Saturday, September 23, 2023
Estrella Gutierrez
Prices continued to slide for the second week in a row after the Jun. 4 announcement of a collective cutback in production – the second in less than two months – failed to impress a market saturated by months of over-production.
Venezuelan Energy Minister Erwin Arrieta said Friday that the two-day biannual conference of OPEC (Organisation of Petroleum Exporting Countries), which opens Wednesday in Vienna, “will not have a magic or instantaneous effect.”
Luis Giusti, the president of Venezuela’s state-run oil company, PDVSA, said in New York meanwhile that the market would not respond to producers’ efforts to bolster prices until far into the third quarter of the year – in other words, late autumn in the northern hemisphere, when demand will start to rise again.
Arrieta said in the presidential palace of Miraflores that by the close of the week, the main international benchmarks had fallen between 1.13 and 1.76 dollars, compared to last week’s close.

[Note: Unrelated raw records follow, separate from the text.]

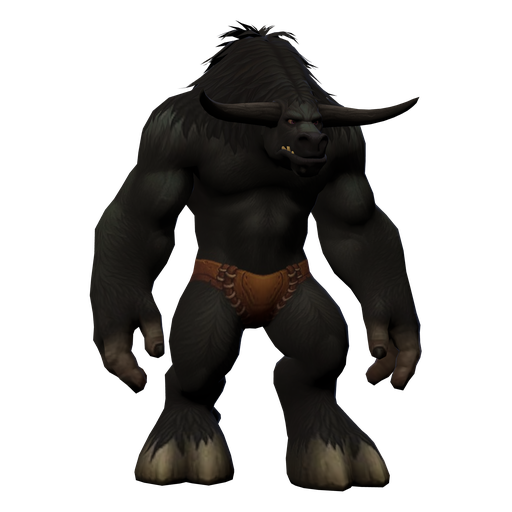 Tauren Male render, transparent PNG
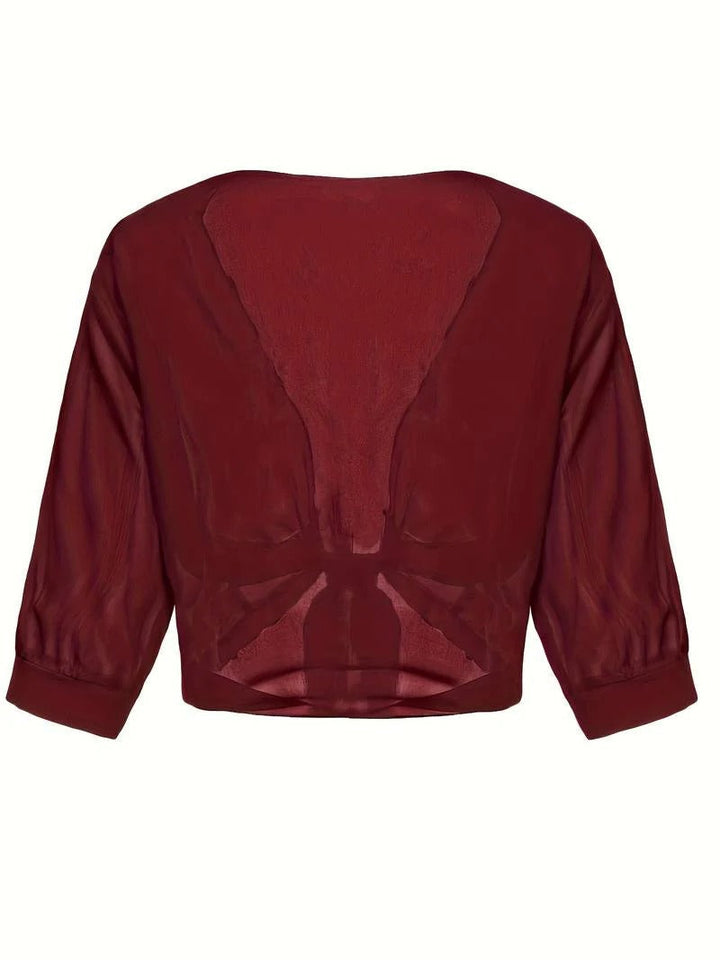 Stylish women's sheer tie front crop cardigan, enhancing summer outfits with its elegant design.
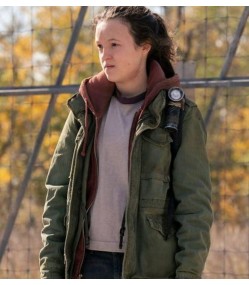 The Last of Us 2023 Bella Ramsey (Ellie Williams) Green Jacket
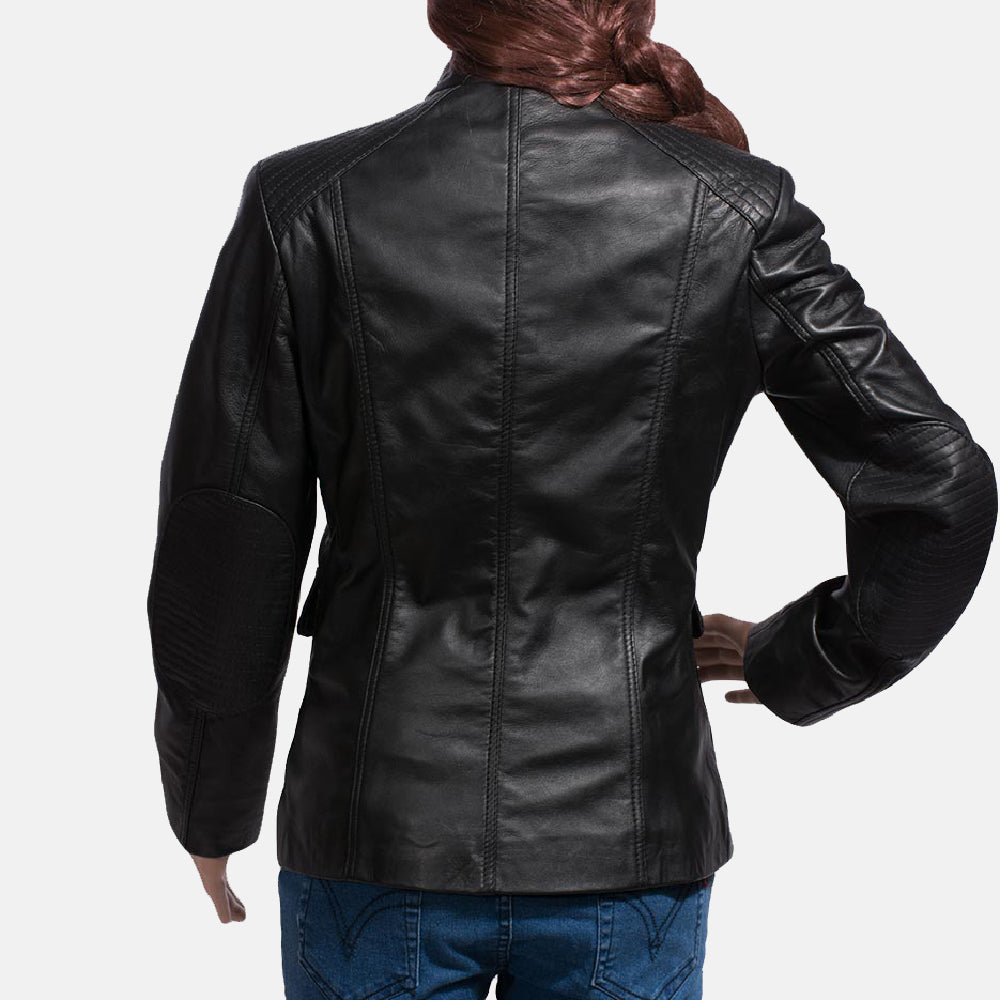 Strada Black Leather Jacket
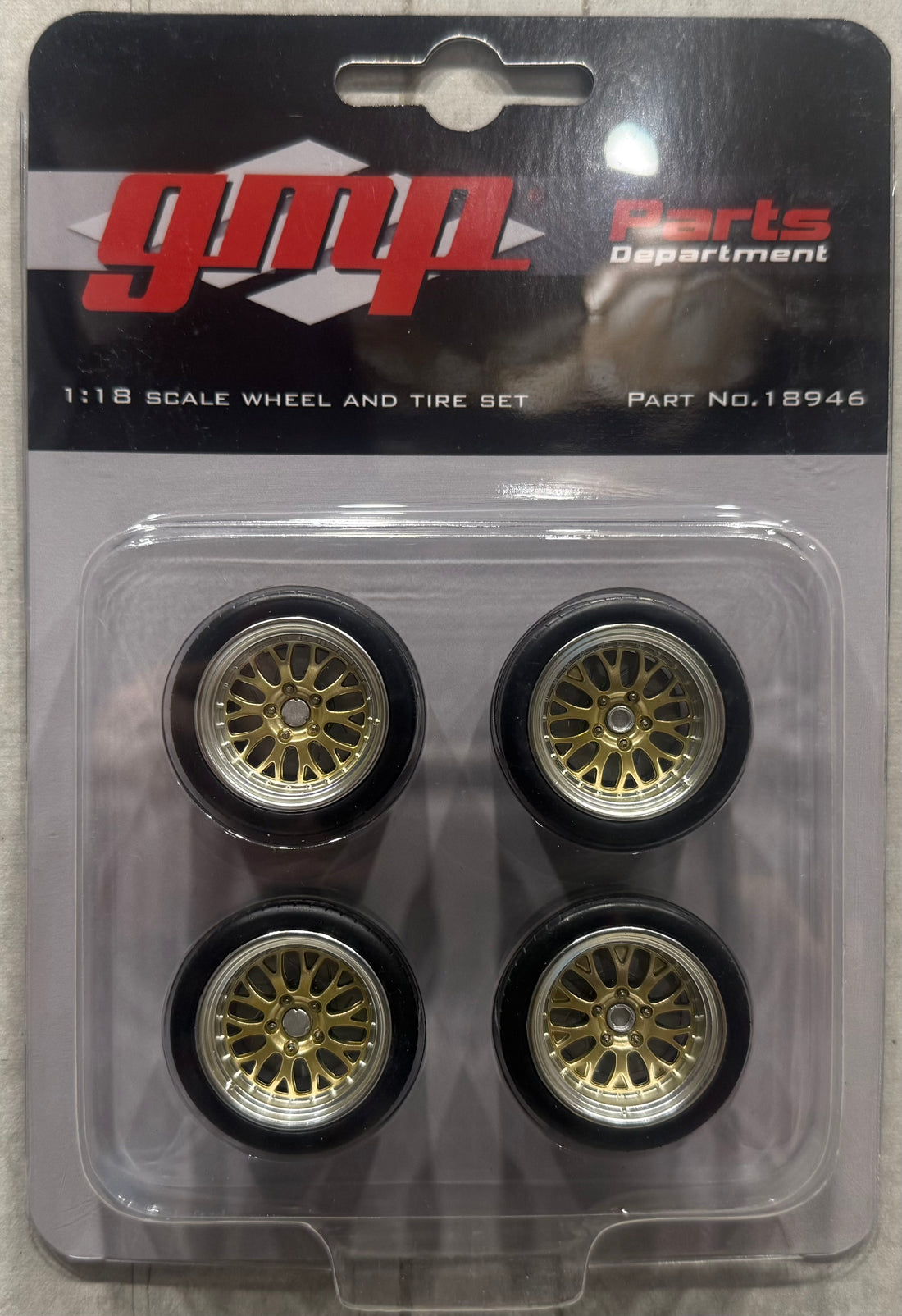Big Red Pro Touring Wheel & Tyre Set - 1:18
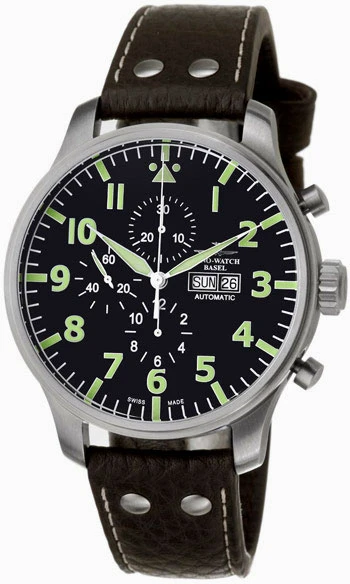 Zeno Oversized Pilot Oversized Navigator Pilot Chronograph Men's Watch Model 10557-A1-DECK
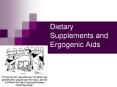 Dietary Supplements and Ergogenic Aids Caffeine Sport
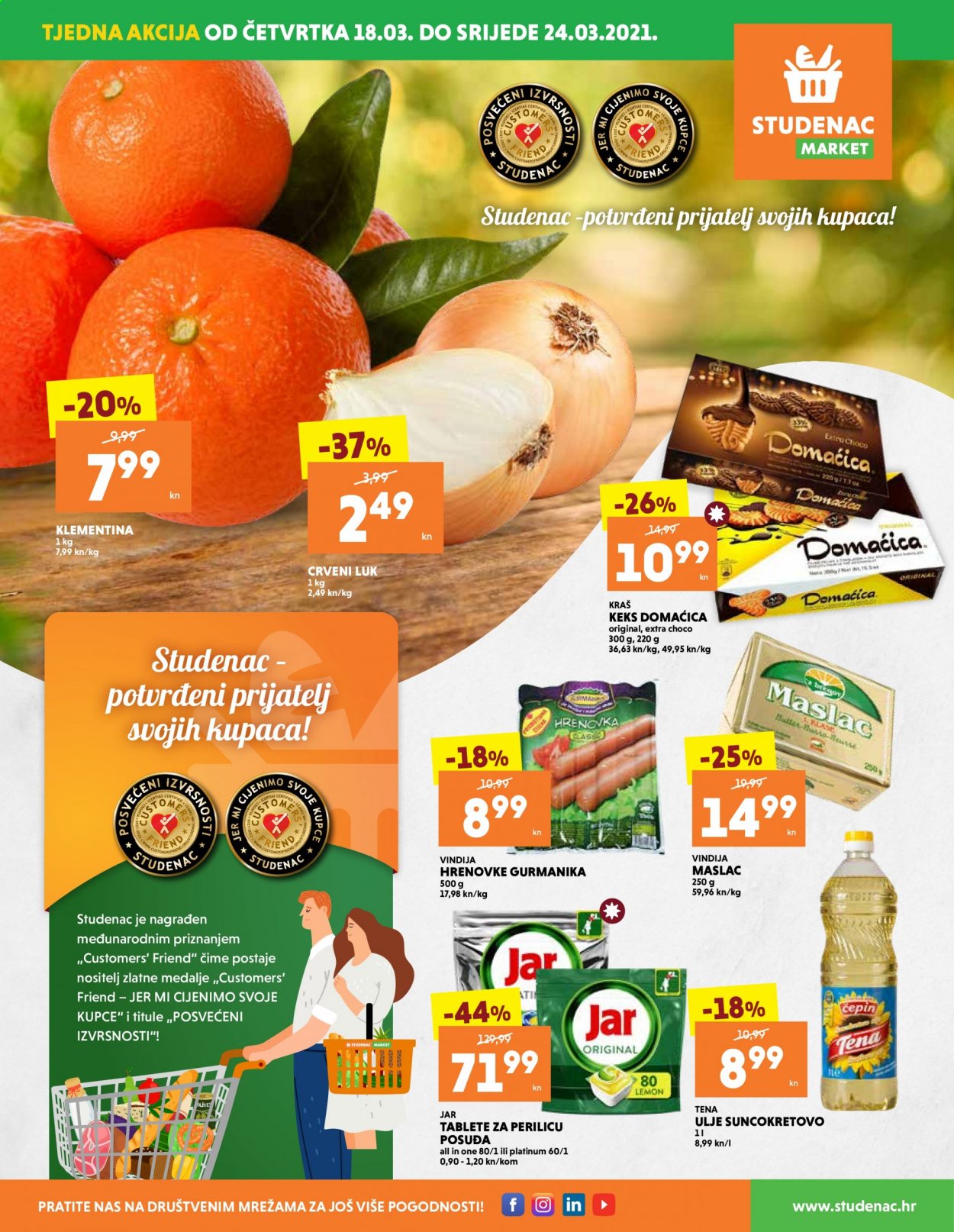 Studenac katalog - 18.03.2021. - 24.03.2021. Stranica 1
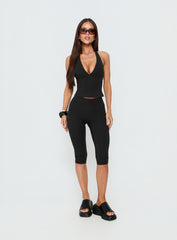 Power Hour Active Capri Leggings Black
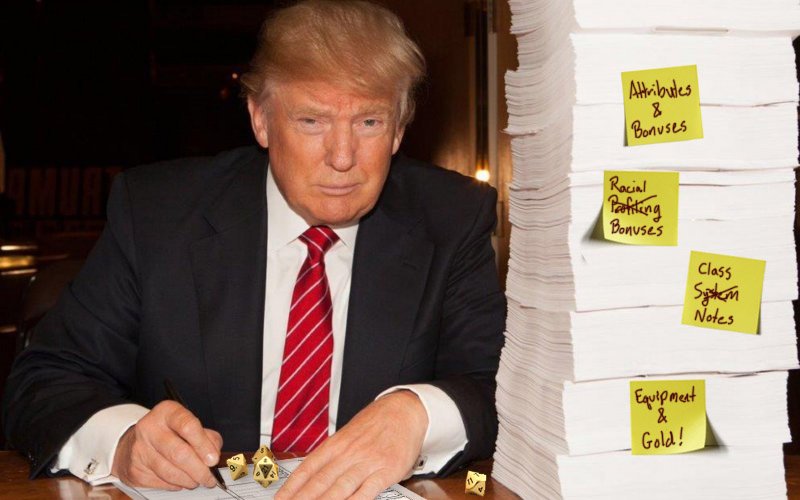 DungeonsDonald's tweet image. Instead of dungeon map, I think both DMs should release detailed character sheets. I have no prob doing so! Hillary?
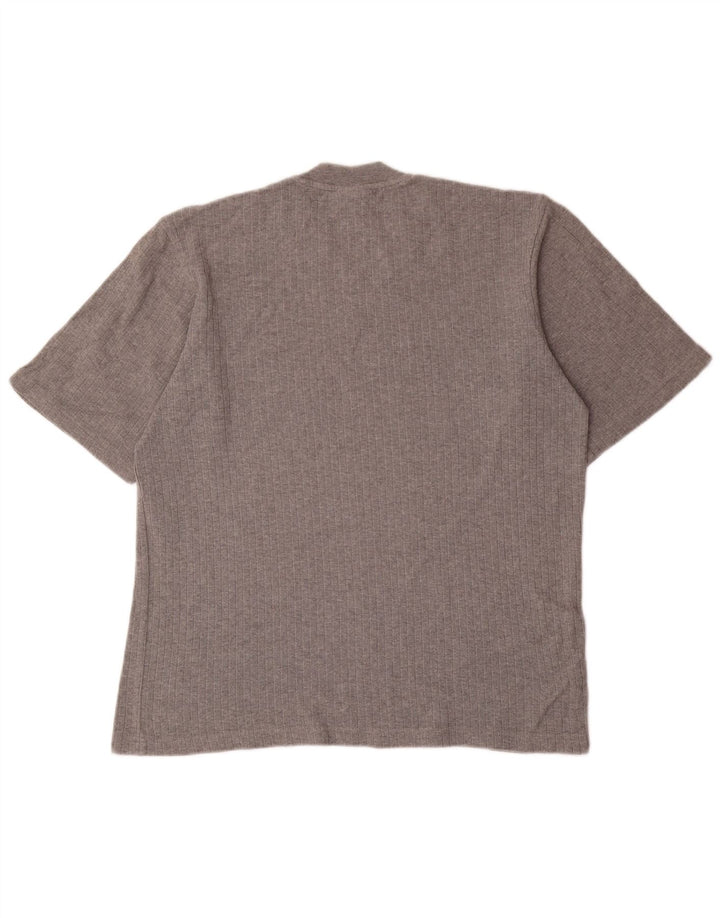 Camiseta masculina ADIDAS Top cinza médio algodão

The benchmark Brent Crude stood at 10.87 dollars per barrel, 1.13 down from last Friday. Its average for the year is 13.84 dollars, compared to 19.06 in 1997, according to the Ministry of Energy report.
The U.S. benchmark West Texas Intermediate closed at 12.14 dollars, down from last week’s 13.90, which put the year’s average at 15.41 dollars, against last year’s 20.56 dollars.
The OPEC basket stood at 10.70 dollars, after closing at 11.92 dollars last Friday. The annual average fell to 13.08, down from 18.68 in 1997.
The jitters caused by the impact of the unstoppable slide in prices in countries which depend on oil, like OPEC members and other producers in the developing South, led to an exchange of veiled accusations of over-production among key members of the organisation this week.
Giusti said PDVSA studies led to the conclusion that some exporter had been trading around 600,000 barrels per day (bpd) this month on the secondary market, which caused the new fall in prices.
A few commentators interpreted Giusti as referring to Saudi Arabia, although he mentioned no specific country.
Iran, meanwhile, OPEC’s second leading exporter following Saudi Arabia, accused Venezuela of producing more than the agreed-upon level. But Arrieta denied that charge, and said unfounded speculation was creating a climate of artificial tension.
On Mar. 22, OPEC members Saudi Arabia and Venezuela and independent producer Mexico reached un unprecedented secret agreement in Riyadh to cut their production of crude by 600,000 bpd for the rest of the year.
The Riyadh pact was adopted by the 11 members of OPEC as well as independent exporters, with the exception of Great Britain, and has led to the withdrawal from the market of 1.4 million bpd since April, Arrieta said Friday.
He added that the second cutback – of 450,000 bpd as of July, agreed on by the members of the Riyadh pact in another secret meeting on Jun. 4, this time in Amsterdam – would bring the reduction to a total of 2.1 million bpd.
But the announcement, far from giving prices a boost, was the starting-point of an even faster downward slide in prices, even on the futures market, which implies that traders do not expect segments of unsatisfied demand in the next two months.
Before setting out to Norway on Friday, Arrieta said he still entertained hopes that Oslo would agree to participate in the collective cutback, even though Minister Merrit Amstrat had already refused.
He remarked that it was not a question of creating “a kind of syndicate” of exporters, but of the need for producers and consumers to “grant the market balance and stability, so that price, volume and the entire international spectrum of petroleum achieve a balance suitable to all.”
Venezuela, whose export cocktail closed this week at the lowest price seen in 30 years, 8.73 dollars per barrel, needs the year’s average to stand at around 13 dollars per barrel, the price on which its budget is based, because the budget has already been adjusted twice.
But the average price per barrel closed at 11.27 dollars, far below 1997’s 16.32 dollars and 1996’s 18.39 dollars.
Oil accounts for 77 percent of foreign-exchange, 40 percent of the budget and 22 percent of Gross Domestic Product (GDP) in Venezuela.